Source data

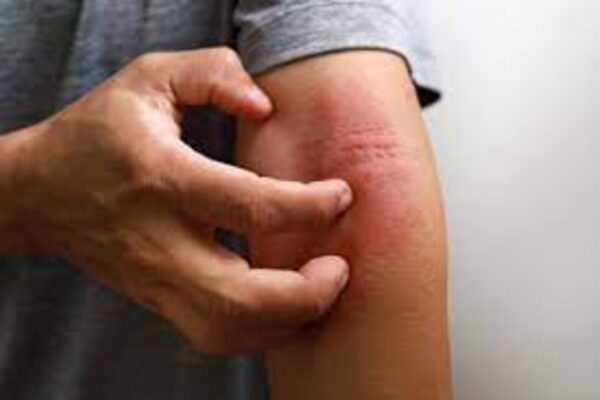 Upadacitinib Shows Rapid, Significant Real-World Benefits in Atopic Dermatitis: Study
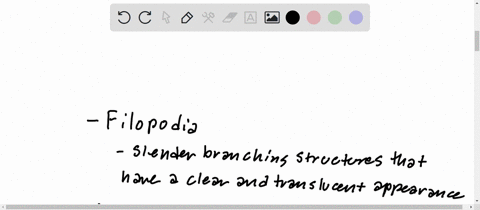 amoeboids-move-about-and-feed-by-means-of-pseudopodia-describe-the-4-kinds-of-pseudopodia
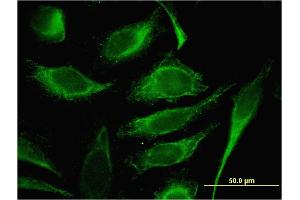 Immunofluorescence of monoclonal antibody to TMSB4Y on HeLa cell. (TMSB4Y 抗体  (AA 1-44))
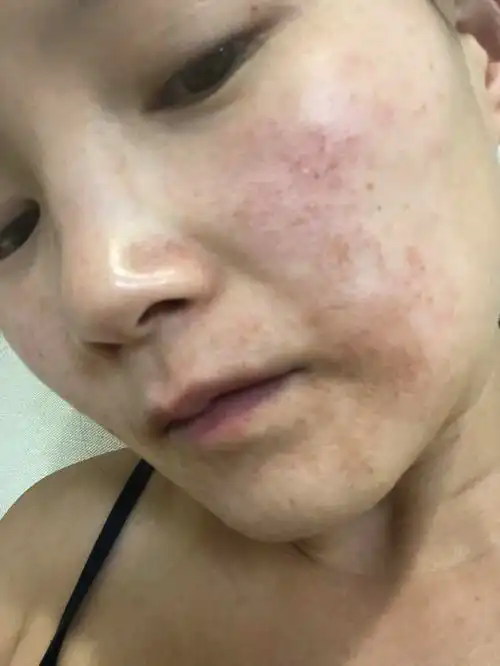 日光性皮炎日晒伤晒斑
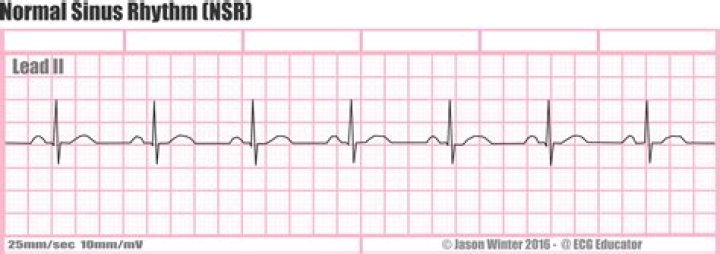 Is normal sinus rhythm good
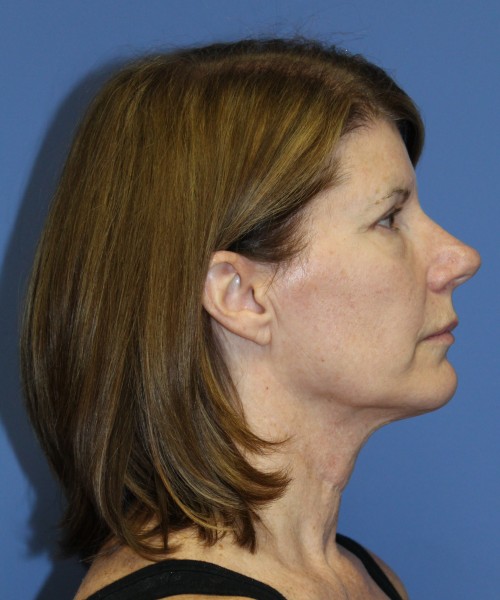 Facelift 1130 – Click HERE for more views before photo. Individual results may vary.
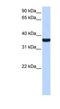 Tumor Protein P53 Inducible Protein 13 antibody, NBP1-79465, Novus Biologicals, Western Blot image 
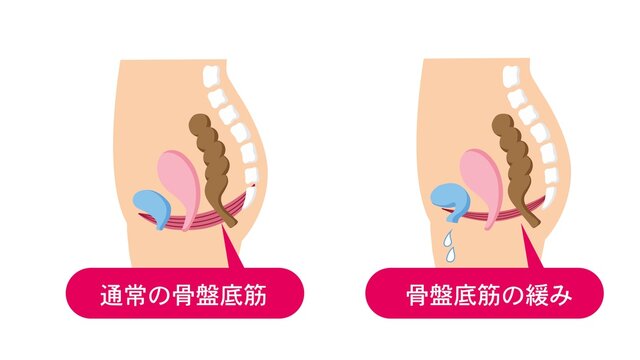 105 Best 尿失禁 Images Stock Photos Vectors Adobe Stock 105 Best 尿失禁 Images Stock Photos Vectors Adobe Stock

**Exercise goal**
Above, find the line holding "Is normal sinus rhythm good" and the line holding "Tumor Protein P53". Print exactly those two lines and every line between them, but no pictures.

**Task solution**
 Is normal sinus rhythm good
 Facelift 1130 – Click HERE for more views before photo. Individual results may vary.
 Tumor Protein P53 Inducible Protein 13 antibody, NBP1-79465, Novus Biologicals, Western Blot image 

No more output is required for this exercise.